Juno met Jupiter this week. NASA‘s Juno mission flew over the planet’s 10,000-mile-wide (16,000 kilometers) storm, so big that three earths could fit inside of the Great Red Spot. Since 1830, sky-watchers have kept an eye on this mysterious spot marking a storm that has raged for eons. When the Juno mission launched in 2011, the spacecraft did not arrive in orbit around Jupiter until July 4, 2016. Since then, it’s been photographing Jupiter, and will continue operations until 2018. Knowledge gained by Juno may serve useful in updating the Treaty on Principles Governing the Activities of States in the Exploration and Use of Outer Space that entered into force in 1967. Principles include:

“Exploration of space for the benefit of all countries and all humankind;

Outer space not subject to national appropriation or occupation;

Outer space to be free of nuclear or other weapons of mass destruction;

Countries and states shall be liable for damage caused by their space objects;

The Moon and other celestial bodies shall be used exclusively for peaceful purposes.”
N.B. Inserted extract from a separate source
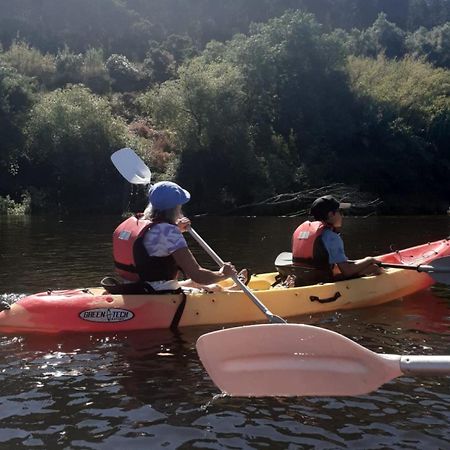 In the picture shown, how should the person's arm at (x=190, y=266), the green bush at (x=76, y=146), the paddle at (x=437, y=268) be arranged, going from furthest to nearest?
the green bush at (x=76, y=146), the paddle at (x=437, y=268), the person's arm at (x=190, y=266)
At the start of the Space Race, only governments were thought to be financially and technologically capable of Space missions. But now private enterprise has taken impressive steps; Weinzierl and Acocella recently introduced a Harvard Business School case on the ownership of space with a close up of Jeff Bezos and Blue Origin. Planetary Resources, Inc, SpaceX, Virgin Galactic are also prominent, joined now by an enterprise hoping to win Google’s $20million Lunar X Prize, Moon Express.

COMSAT might be an organizational model to follow. On 31 August, 1962 the Communications Satellite Act became law and set a new tone of inclusiveness that transformed the space race with greater multinational, public/private cooperation. New agreements about the future of space may foretell a mixed-economy organization to promote world-wide distribution of solar power.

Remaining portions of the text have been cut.